§ Activity: Beginning with the line that holds "Treasure Gold Biothane", copy each line to the end of the records exactly, except the pictures.

(Short text fragments from websites)
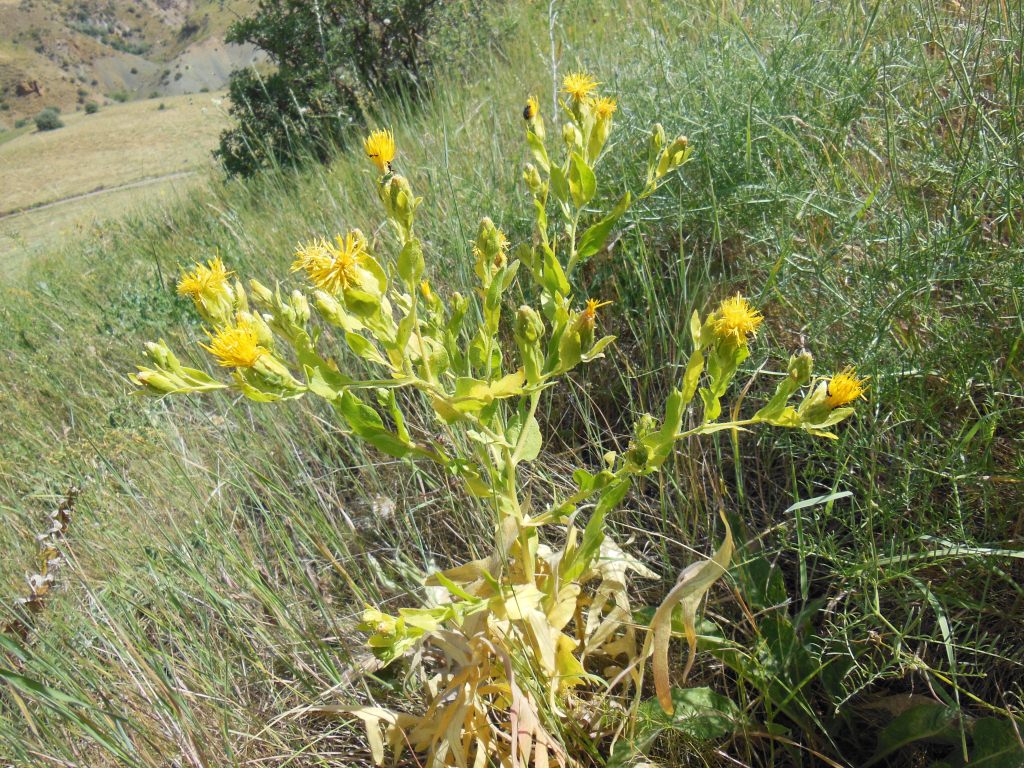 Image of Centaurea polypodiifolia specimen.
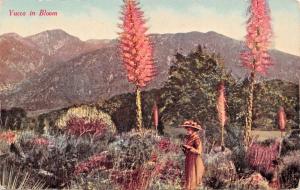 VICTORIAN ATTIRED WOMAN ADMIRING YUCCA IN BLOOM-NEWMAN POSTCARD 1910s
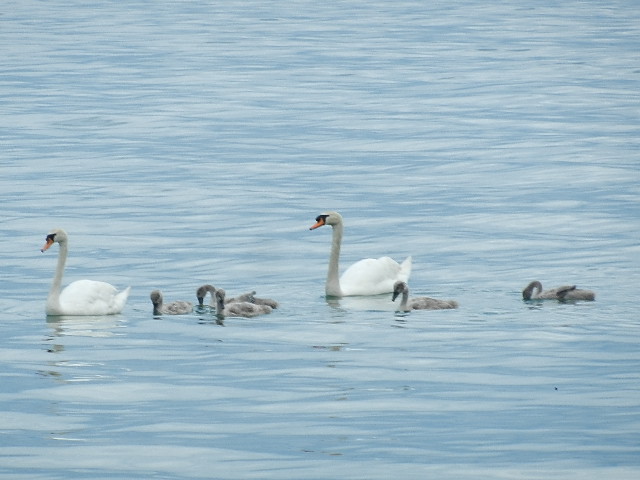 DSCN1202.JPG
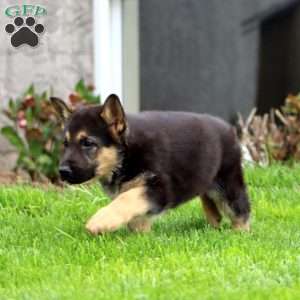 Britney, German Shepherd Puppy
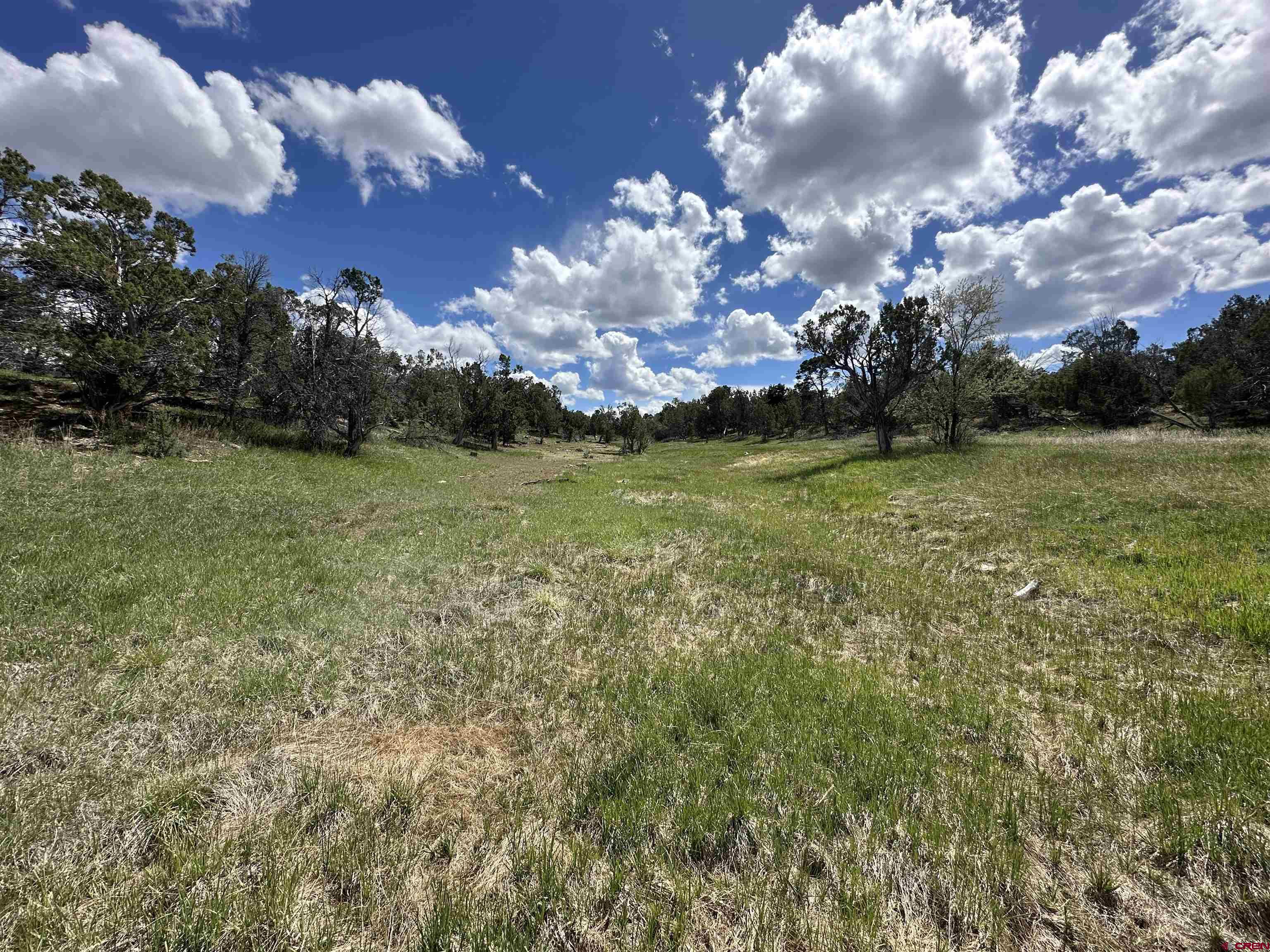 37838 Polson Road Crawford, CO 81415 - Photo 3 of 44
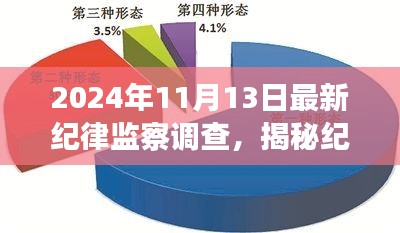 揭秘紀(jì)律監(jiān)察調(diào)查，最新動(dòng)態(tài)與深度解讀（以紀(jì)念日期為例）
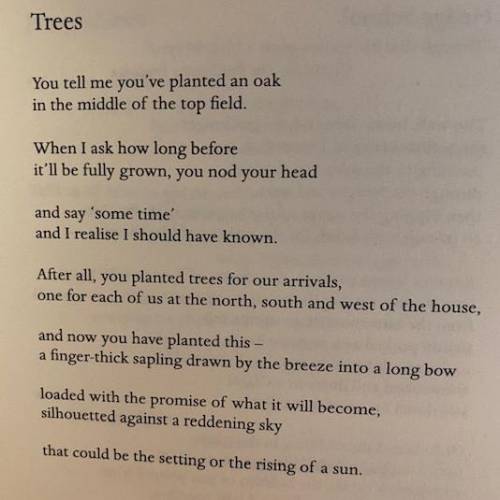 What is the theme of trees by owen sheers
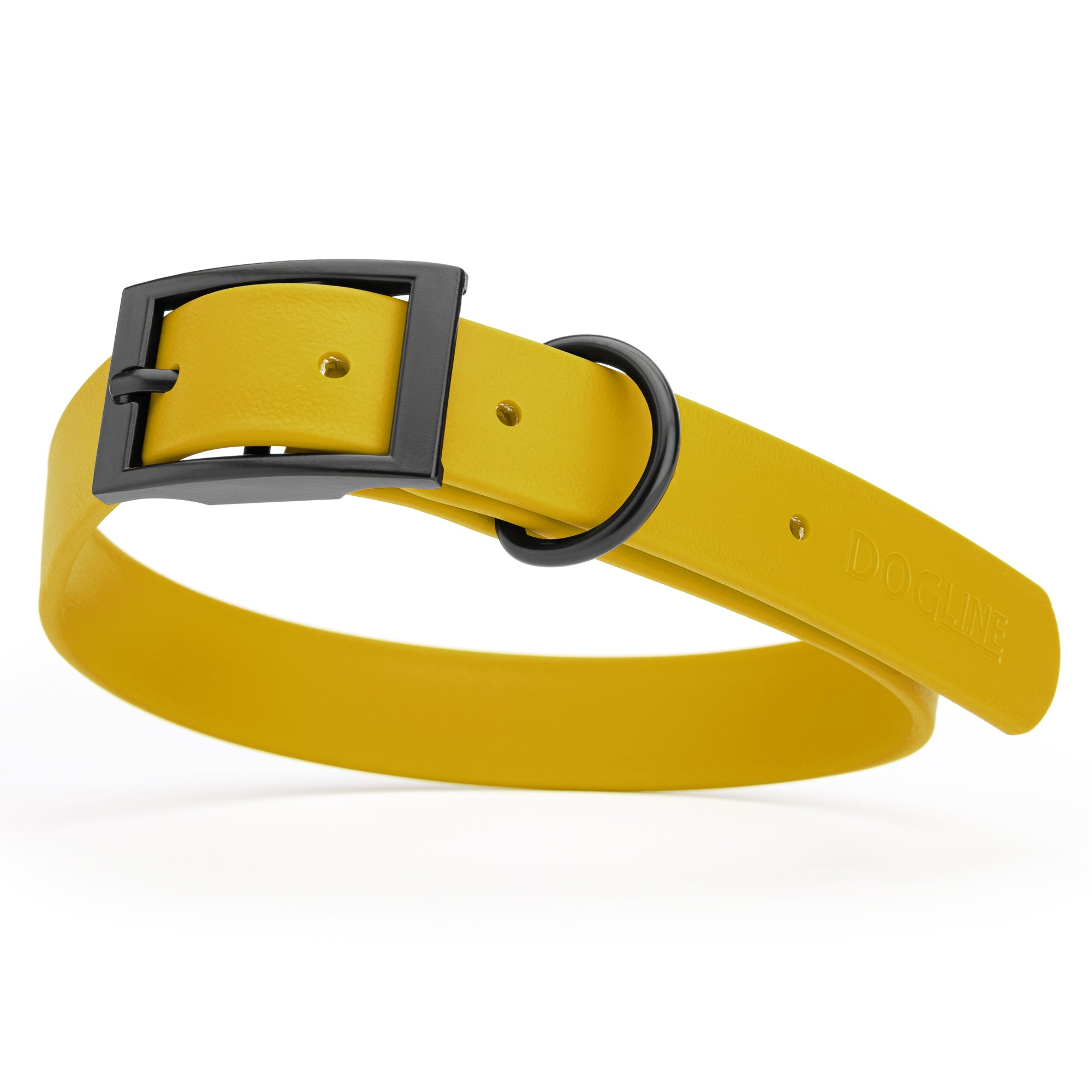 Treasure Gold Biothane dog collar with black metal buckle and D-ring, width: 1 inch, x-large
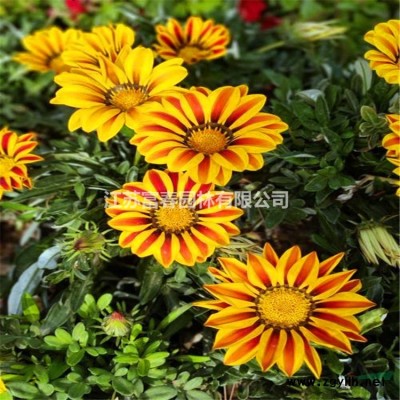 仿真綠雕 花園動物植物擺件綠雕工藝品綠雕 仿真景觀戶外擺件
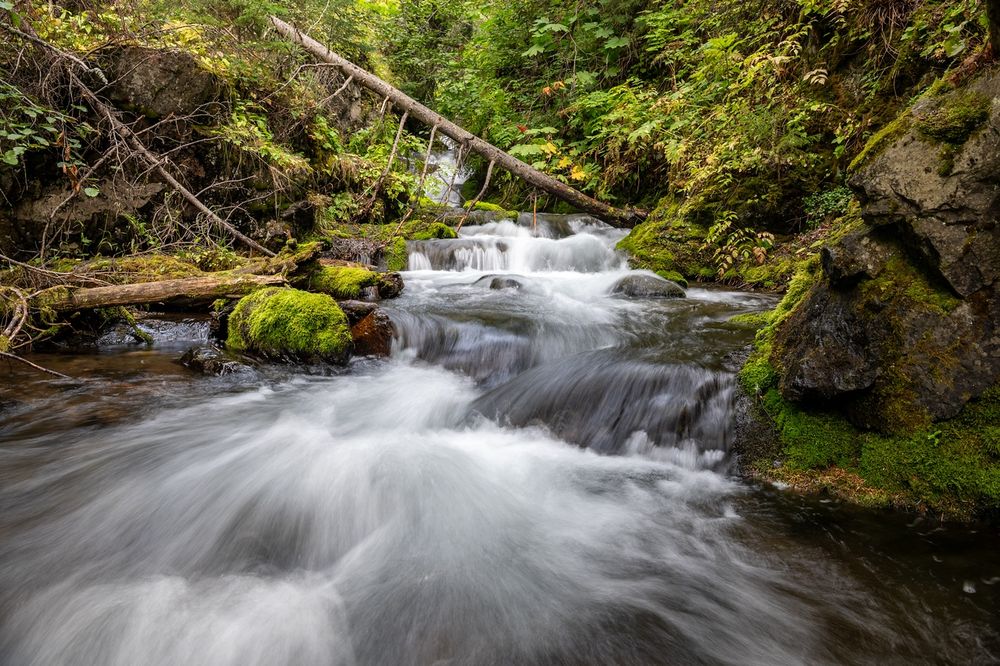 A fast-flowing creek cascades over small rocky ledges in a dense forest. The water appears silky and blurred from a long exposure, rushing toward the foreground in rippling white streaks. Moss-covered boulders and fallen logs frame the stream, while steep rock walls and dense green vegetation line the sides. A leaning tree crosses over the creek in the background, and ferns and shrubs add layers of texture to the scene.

§ Expected answer:
 Treasure Gold Biothane dog collar with black metal buckle and D-ring, width: 1 inch, x-large
 仿真綠雕 花園動物植物擺件綠雕工藝品綠雕 仿真景觀戶外擺件
 A fast-flowing creek cascades over small rocky ledges in a dense forest. The water appears silky and blurred from a long exposure, rushing toward the foreground in rippling white streaks. Moss-covered boulders and fallen logs frame the stream, while steep rock walls and dense green vegetation line the sides. A leaning tree crosses over the creek in the background, and ferns and shrubs add layers of texture to the scene.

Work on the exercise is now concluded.